Oyun belli. Radikal akımları güçlendir, husumet çıkar, kışkırt, birbirine düşür. Osmanlı’da zaten büyük ülkede Türkler azınlıktı, fazla zor olmadı. Şimdi Ortadoğu’da, Irak üçe bölündü, Suriye belli, Türkiye’ye de yansıtmak istiyorlar. Yapacağımız şey, birbirimize sarılmak, “hangi partiden, hangi düşünce ve inançtan olursan, bizdensin” demek. Çünkü sen bir Türkiye Cumhuriyeti vatandaşısın, bu ülkenin ortağısın, bu CV, bu kartvizit yeter.
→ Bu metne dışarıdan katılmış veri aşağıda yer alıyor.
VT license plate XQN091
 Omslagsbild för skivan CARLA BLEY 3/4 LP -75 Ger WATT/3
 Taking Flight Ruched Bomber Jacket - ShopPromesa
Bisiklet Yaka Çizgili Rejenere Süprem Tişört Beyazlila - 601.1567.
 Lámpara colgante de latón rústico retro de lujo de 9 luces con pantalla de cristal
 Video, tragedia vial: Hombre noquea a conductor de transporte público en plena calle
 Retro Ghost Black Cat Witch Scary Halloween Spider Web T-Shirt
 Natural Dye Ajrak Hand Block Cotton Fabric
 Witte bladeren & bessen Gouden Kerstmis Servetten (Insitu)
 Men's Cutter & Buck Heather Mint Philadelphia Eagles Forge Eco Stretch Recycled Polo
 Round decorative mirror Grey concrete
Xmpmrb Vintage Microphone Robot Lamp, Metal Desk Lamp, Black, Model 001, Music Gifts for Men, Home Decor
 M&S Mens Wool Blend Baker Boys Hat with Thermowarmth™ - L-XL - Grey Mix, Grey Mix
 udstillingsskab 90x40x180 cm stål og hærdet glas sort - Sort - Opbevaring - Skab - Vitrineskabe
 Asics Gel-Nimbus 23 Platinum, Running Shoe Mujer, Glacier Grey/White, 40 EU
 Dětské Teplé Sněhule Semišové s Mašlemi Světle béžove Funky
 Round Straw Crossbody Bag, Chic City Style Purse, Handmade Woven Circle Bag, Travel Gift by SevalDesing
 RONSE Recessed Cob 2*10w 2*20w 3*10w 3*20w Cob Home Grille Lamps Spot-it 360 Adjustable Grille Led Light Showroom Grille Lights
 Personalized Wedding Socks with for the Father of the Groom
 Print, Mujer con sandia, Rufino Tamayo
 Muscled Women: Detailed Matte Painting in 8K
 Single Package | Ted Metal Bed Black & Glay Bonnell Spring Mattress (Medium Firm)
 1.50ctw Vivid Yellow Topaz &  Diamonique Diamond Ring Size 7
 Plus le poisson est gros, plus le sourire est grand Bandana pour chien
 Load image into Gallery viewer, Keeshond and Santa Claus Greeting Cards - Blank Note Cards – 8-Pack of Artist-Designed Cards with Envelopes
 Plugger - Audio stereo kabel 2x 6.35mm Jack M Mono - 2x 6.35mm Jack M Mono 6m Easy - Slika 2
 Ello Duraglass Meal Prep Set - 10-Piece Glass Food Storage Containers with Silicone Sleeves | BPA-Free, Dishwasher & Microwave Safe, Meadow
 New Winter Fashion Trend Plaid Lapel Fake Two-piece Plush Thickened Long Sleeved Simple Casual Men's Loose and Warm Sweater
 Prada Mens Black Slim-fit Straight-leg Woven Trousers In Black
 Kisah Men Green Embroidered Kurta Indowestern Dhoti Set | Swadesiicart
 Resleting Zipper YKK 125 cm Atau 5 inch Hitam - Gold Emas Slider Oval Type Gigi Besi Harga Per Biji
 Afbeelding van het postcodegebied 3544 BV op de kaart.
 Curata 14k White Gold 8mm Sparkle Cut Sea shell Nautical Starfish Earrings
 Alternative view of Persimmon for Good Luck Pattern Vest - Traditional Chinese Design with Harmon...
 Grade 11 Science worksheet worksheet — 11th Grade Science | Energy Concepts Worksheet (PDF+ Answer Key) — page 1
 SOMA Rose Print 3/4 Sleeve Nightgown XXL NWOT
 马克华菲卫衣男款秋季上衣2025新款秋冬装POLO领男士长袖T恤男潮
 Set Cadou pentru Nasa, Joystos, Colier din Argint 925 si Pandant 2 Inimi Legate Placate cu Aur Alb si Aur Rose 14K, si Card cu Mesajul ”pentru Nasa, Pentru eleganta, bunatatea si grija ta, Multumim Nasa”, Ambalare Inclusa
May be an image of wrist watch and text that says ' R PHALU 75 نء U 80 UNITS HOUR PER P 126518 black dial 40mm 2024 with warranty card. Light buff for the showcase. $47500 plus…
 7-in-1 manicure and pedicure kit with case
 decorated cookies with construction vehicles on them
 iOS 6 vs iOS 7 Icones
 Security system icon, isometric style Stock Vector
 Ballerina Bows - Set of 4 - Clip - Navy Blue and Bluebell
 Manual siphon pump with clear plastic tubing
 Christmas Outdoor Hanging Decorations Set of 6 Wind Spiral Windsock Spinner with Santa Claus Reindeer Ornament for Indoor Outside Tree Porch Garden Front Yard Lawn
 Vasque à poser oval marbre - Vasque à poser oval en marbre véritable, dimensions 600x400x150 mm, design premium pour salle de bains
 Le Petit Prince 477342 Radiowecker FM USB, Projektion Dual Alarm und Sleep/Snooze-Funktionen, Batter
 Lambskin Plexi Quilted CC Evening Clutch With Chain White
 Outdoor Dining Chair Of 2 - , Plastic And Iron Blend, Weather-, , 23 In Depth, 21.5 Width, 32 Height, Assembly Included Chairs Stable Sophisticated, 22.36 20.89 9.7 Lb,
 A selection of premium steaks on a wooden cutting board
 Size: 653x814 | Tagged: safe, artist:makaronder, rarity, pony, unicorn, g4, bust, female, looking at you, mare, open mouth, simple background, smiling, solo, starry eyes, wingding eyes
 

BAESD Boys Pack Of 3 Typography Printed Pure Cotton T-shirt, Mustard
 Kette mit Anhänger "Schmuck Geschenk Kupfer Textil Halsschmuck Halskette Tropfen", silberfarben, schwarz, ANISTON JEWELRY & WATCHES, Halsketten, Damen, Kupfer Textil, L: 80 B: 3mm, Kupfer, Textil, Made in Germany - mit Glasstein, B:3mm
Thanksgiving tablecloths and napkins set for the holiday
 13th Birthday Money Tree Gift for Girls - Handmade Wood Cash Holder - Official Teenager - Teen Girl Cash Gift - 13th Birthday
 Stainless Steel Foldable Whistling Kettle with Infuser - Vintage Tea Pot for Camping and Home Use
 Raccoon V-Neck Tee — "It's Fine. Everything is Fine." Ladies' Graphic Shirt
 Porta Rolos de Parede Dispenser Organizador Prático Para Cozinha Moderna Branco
Zorbalığa, teröre sapmadığın sürece saygımıza, dostluğumuza layıksın diyebilmeliyiz. Ayrışmak için değil, bütünleşmek için bahane budur.

Kuvvetli bir analiz, ayrıştırma içindeyiz. İhtiyacımız olansa sentez. Tüme varalım. Bir vücut, bütün organlarıyla birlikte güçlüdür. Birbirine düşmüş görüntüde çullanan çok olur. Kişisel ya da dar kalıp çıkarlar değil, tüm ülkeyi kavrayan anlayışa ihtiyaç var.

Ben akademisyen değilim, benim vatandaş bildirim budur.

 
Toplam blog
: 61
: 25799
Kayıt tarihi
: 09.07.08
 
 

Ankara'da yaşayan Afyon doğumlu, Gazetecilik Halkla İlişkiler Radyo-TV bölümü mezunuyum.. Kamuda ..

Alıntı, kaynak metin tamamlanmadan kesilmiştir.